The city of College Station revoked Ofo's license to operate in the city on Oct. 12 after learning that the company's auto liability
insurance had been canceled, which also prevented its employees from accessing the vans they use to collect bikes around town. Ofo
is currently working through a 10-day appeals period, which ends today, but Texas A&M will be seeking a new bike-share vendor for 2019.
The program has been popular since its launch in February, growing from 850 to 2,300 bikes with more than 39,500 registered users.
More than 330,000 miles have been logged on over 500,000 rides, but the yellow bikes proved to be a polarizing issue as they began
to litter roads, sidewalks and trees on the Texas A&M campus and wider Bryan-College Station community. The College Station City
Council established a permitting process and set of rules for bike-share companies that went into effect in mid-August, giving
the city control over the program's geo-fence and setting a relocation fee for improperly parked bikes that the company didn't move.
Special Projects Manager Aubrey Nettles told the College Station City Council that few improperly parked bikes had to be relocated
until the insurance issues occurred. As of Thursday, the city had received 395 complaints. Code enforcement officers have had to
relocate 50 bikes that the company had failed to move -- operators are required to remove bikes reported as parked improperly or
outside of the program's geo-fenced areas within a set time frame -- which resulted in about 24 staff hours per week on the task.
The company's escrow account with the city, which was required as part of the new regulations, has a negative balance, Nettles
said. Ofo has also been issued 13 citations for every day it has continued operate in the city without a permit. Nettles said
Ofo now has updated auto liability insurance, but it must replenish its escrow account and form plans for communication and
rebalancing its bikes before the permit can be reinstated.
Ofo laid off 70 percent of its U.S.-based employees this summer, leaving College Station as one of the few remaining
presences it had in the country. With significantly less resources, Nettles told the council that the company likely
could no longer efficiently and effectively operate.

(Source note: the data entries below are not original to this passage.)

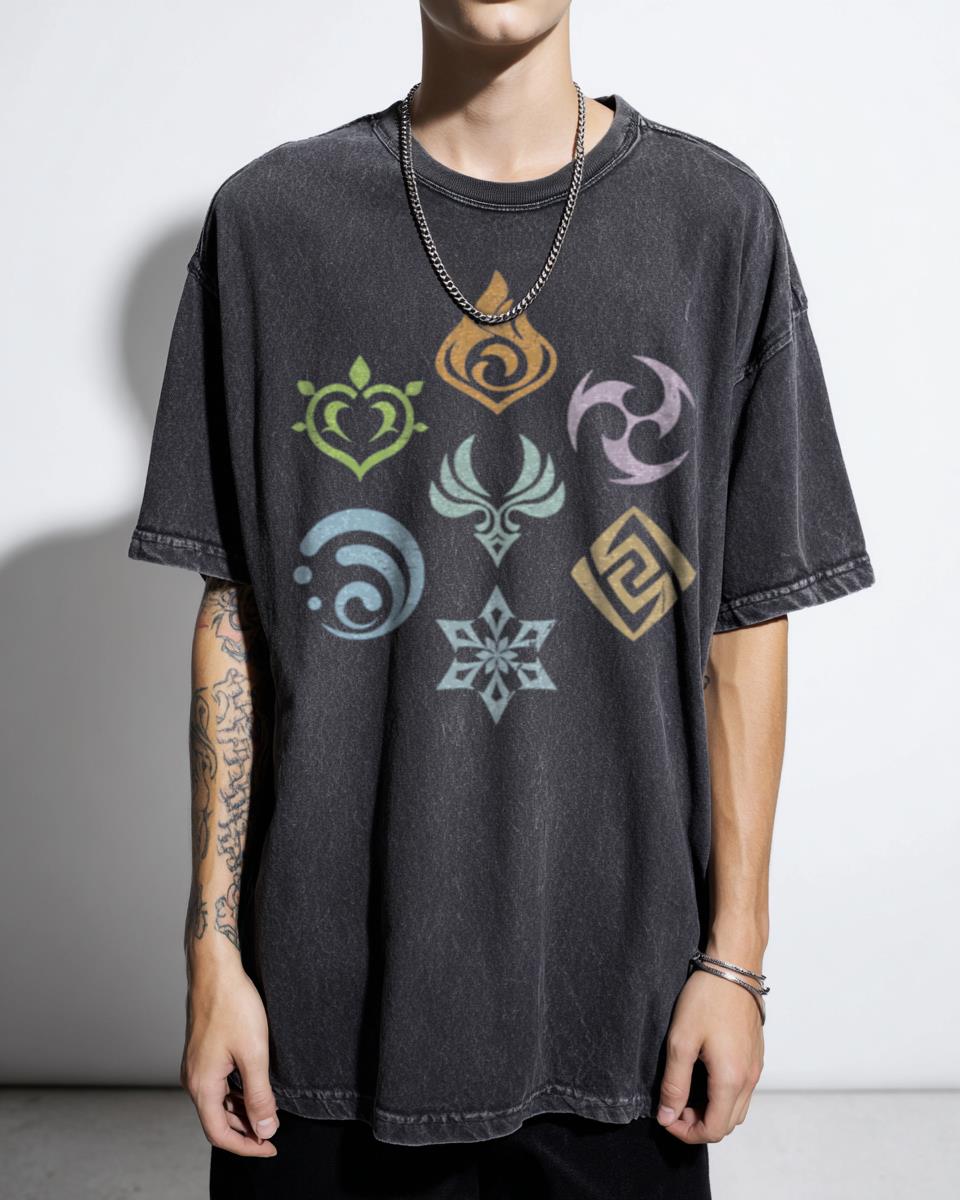 Genshin Impact Elemental Circle T-Shirt - Archon Pyro Hydro Geo Fan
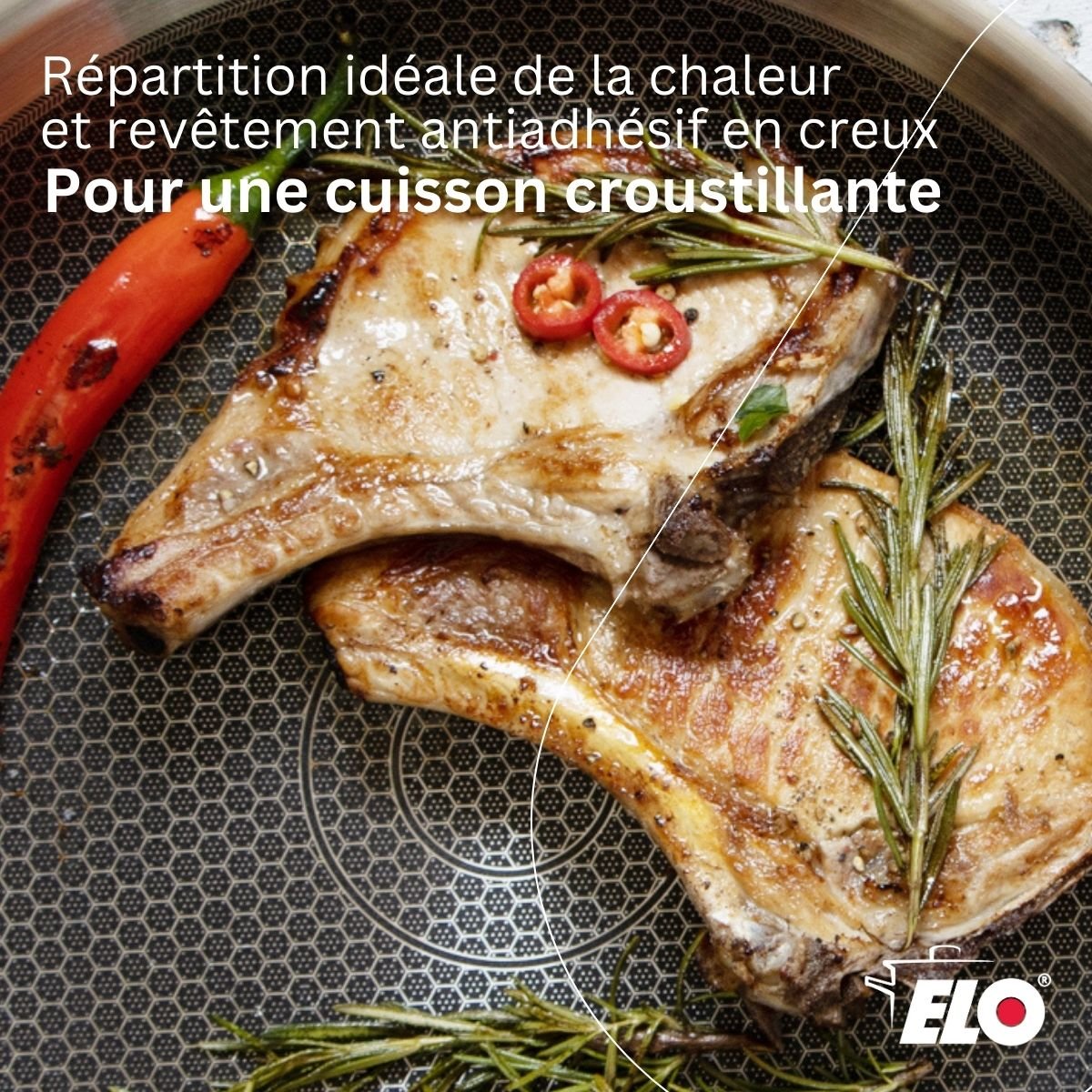 2 poêles 28/32cm + 4 faitouts 12/16/20/26cm RELIEF EVOLUTION inox, ELO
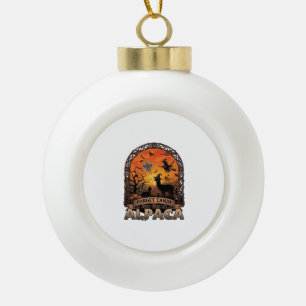Vergeet Snoepjes Geef Me Alpaca Halloween Geest W Keramische Bal Ornament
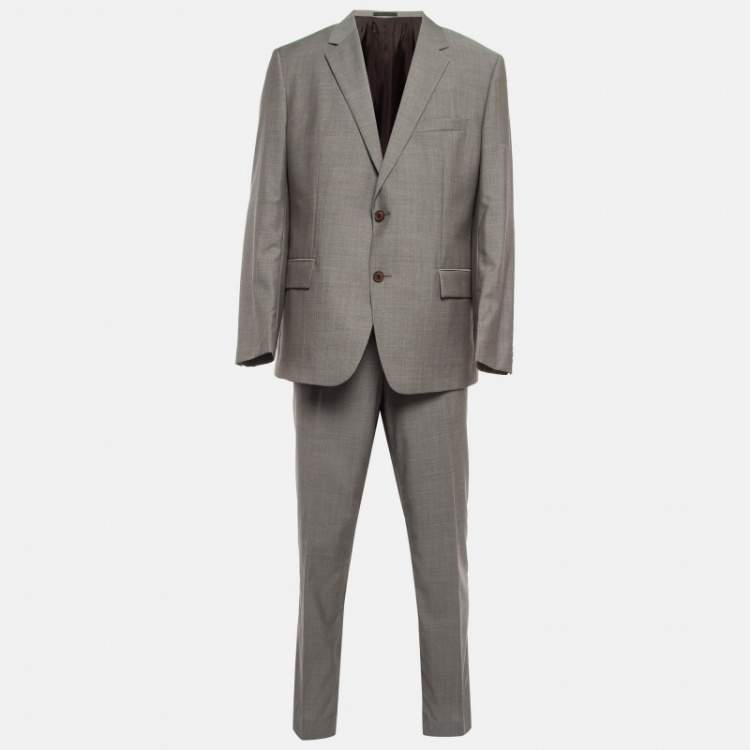 Pre Owned Boss By Hugo Boss Grey Virgin Wool Suit S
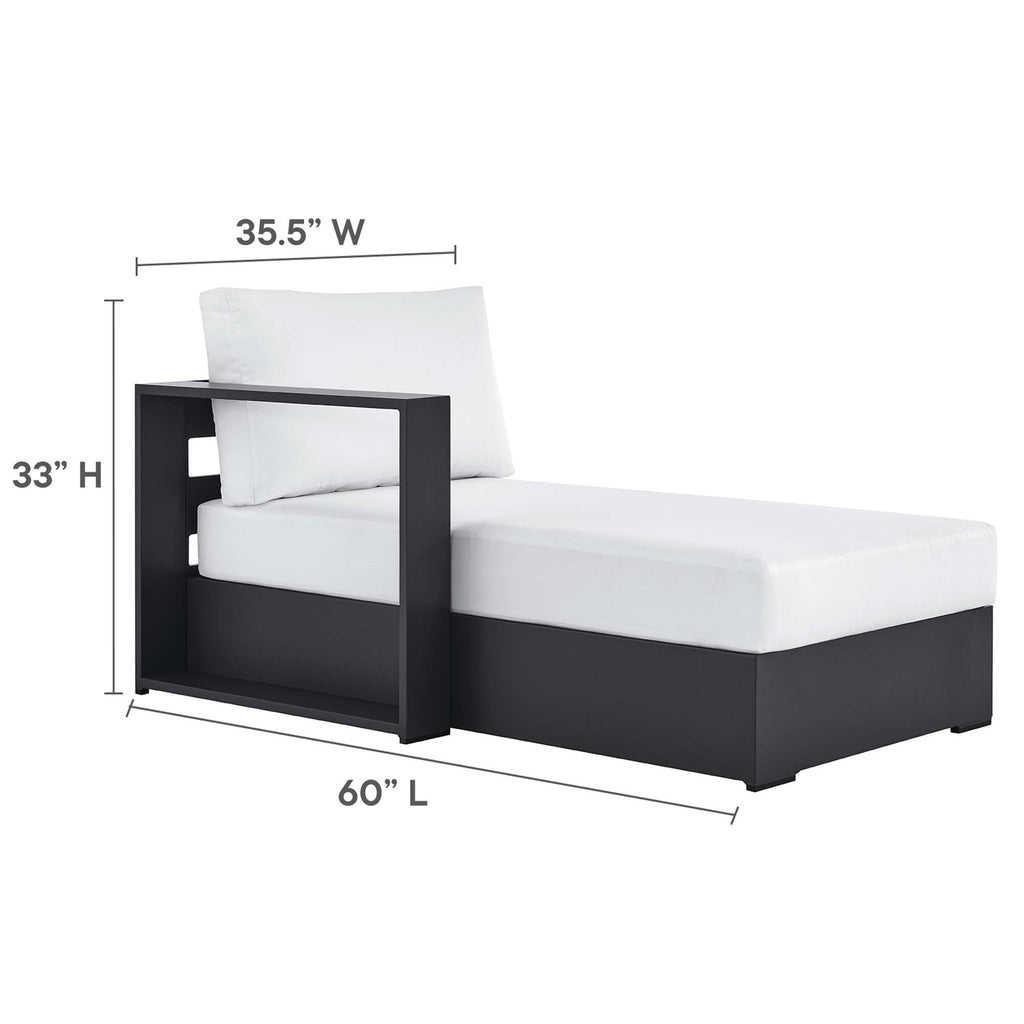 Tahoe 2-Piece Outdoor Patio Powder-Coated Aluminum Left-Facing Chaise Sectional sofá Set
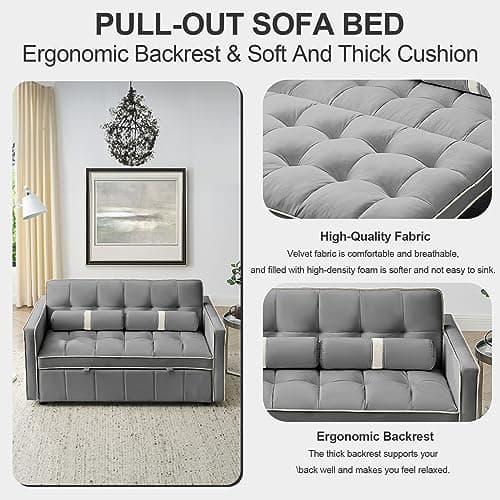 3-in-1 Sleeper Sofa Bed with Velvet Tufted Pull Out Couch, Adjustable Backrest (Grey)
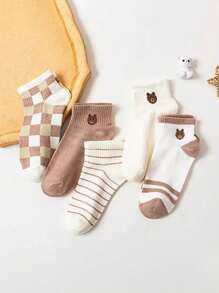 Set de 5 pares de calcetines bajos y casuales para mujer con lindo estampado de oso, de estilo de moda, transpirables y cómodos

Ron Steedly, Texas A&M's Sustainable Transportation manager, said the university will be seeking an alternative vendor
for 2019. Texas A&M will have more operational control in the new system, he said, and will require as part of the
new vendor capabilities a 24/7 call center, more direct communication with bad actors and the capability to end rides
only in designated areas.
That new company will need to obtain a permit with the city before deployment of bikes occurs, unlike the Ofo
rollout earlier this year. Fleet deployment will also be incremental. Steedly told council members Thursday that he
remains confident that College Station can be a successful proving ground for bike-sharing, which has had issues in
major cities across the country.
"I think we're gonna be the site in the United States that actually proves that it is possible," Steedly said
Councilman James Benham said that he asks residents not to write off the concept because of Ofo's poorly executed rollout,
but described the company's actions as "negligent" at best and "nefarious" at worst. Mayor Karl Mooney, a Texas A&M
University employee who rides the bikes around campus, said bike-sharing is a "great, efficient, green type of activity
that I think more people should be involved in," but he stressed more education for riders and a "more significant"
rebalancing fee for future vendors.
Nettles said she'd like to see bike-sharing be successful outside of campus before looking into electric bikes or scooters,
but said the council could amend its ordinance to allow those, if desired. Steedly said he wasn't interested in electric
options at this time, needing pedal bikes to be successful first.